(Records from a collection)
# # #
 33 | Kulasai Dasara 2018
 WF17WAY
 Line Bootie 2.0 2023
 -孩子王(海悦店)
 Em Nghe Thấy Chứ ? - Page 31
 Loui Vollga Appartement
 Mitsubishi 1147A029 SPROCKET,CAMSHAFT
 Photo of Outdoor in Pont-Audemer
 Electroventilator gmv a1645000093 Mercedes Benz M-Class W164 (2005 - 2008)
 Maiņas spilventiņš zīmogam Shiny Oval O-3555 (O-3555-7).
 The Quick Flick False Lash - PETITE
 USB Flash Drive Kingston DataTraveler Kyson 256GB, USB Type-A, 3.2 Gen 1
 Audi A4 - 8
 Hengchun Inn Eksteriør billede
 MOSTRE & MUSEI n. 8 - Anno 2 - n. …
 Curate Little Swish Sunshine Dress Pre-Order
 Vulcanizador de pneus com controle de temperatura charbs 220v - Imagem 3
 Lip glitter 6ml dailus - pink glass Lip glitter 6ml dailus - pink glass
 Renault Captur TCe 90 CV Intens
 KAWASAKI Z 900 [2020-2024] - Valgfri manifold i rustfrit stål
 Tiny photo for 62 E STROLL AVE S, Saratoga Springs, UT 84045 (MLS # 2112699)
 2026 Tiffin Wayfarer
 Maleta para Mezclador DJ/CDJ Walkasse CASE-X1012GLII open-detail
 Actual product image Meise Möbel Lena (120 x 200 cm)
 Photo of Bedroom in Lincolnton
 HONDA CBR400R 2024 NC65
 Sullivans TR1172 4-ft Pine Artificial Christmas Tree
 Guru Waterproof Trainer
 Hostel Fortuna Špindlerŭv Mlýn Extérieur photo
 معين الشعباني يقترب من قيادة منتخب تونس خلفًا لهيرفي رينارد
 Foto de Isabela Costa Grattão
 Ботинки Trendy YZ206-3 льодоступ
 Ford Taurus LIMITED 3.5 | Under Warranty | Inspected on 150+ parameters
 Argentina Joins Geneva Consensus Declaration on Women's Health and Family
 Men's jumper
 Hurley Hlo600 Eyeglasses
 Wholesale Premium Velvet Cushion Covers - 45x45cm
# # #
Exercise aim
Will you return exactly the lines above from the one with "Hostel Fortuna Špindlerŭv" down to the one with "Men's jumper", counting both as part of the range?

Response to this exercise
 Hostel Fortuna Špindlerŭv Mlýn Extérieur photo
 معين الشعباني يقترب من قيادة منتخب تونس خلفًا لهيرفي رينارد
 Foto de Isabela Costa Grattão
 Ботинки Trendy YZ206-3 льодоступ
 Ford Taurus LIMITED 3.5 | Under Warranty | Inspected on 150+ parameters
 Argentina Joins Geneva Consensus Declaration on Women's Health and Family
 Men's jumper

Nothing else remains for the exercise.